Talks were under way to try to persuade the ultra-Orthodox Shas, which has 17 seats in the Knesset, to remain rather than undermine the government at a potentially crucial point in the peace process by shrinking Mr Barak's support in the 120-seat Knesset to 51 MPs.
Shas said it was angered by the government's failure to fund the party's hopelessly bankrupt education and welfare system. Yesterday it agreed to a request from Mr Barak to suspend its walk-out for 24 hours, which suggested a deal will be brokered.
If Shas sticks by its decision, the government is unlikely to fall, as it can muster support from among parties outside the coalition - the six- member secular Shinui party has already offered to step into Shas' shoes. But it weakens Mr Barak's hand and complicates the peace talks when there appears to be progress on several fronts, albeit fragile.
Perhaps the biggest worry for Mr Barak is the impact of a Shas defection on the Syrian talks. Any accord involving the return of the Golan Heights, which Syria demands as a prerequisite to a deal, will go before the Knesset. If approved, it will be put to a referendum, in what some expect to be the most bitter internal battle in Israel's political history.
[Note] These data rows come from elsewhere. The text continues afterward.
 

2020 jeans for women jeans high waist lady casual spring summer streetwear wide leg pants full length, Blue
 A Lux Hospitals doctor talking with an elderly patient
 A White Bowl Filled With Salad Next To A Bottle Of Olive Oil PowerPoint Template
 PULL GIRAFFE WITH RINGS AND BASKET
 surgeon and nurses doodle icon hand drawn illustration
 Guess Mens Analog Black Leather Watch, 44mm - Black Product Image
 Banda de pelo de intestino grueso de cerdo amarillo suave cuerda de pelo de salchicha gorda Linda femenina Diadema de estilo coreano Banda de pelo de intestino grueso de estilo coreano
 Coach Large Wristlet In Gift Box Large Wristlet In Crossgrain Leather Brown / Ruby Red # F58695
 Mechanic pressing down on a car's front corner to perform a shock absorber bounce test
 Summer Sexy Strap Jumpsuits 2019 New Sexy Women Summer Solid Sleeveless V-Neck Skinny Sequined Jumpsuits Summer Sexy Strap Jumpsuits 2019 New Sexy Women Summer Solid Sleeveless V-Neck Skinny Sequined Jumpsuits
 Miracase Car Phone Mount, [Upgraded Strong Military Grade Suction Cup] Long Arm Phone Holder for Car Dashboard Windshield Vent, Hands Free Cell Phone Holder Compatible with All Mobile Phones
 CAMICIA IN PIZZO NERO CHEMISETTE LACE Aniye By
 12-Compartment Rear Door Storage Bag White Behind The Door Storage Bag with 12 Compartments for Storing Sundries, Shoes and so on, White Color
Shas has held back from committing itself to a position, in the hope of squeezing more concessions from the government. But if it leaves the coalition and comes out against a Golan withdrawal, Mr Barak will struggle to secure the referendum majority his government must achieve to survive. Nearly 431,000 people voted for Shas in this year's election, making it the third-largest party in the Knesset.
Efraim Inbar, a specialist in Israeli politics at Bar-Ilan University, said: "There is a good chance of it being resolved, but if this goes on we might very well see the beginning of the end for the Barak government. He cannot go on with the peace process if he doesn't have a large consensus behind him."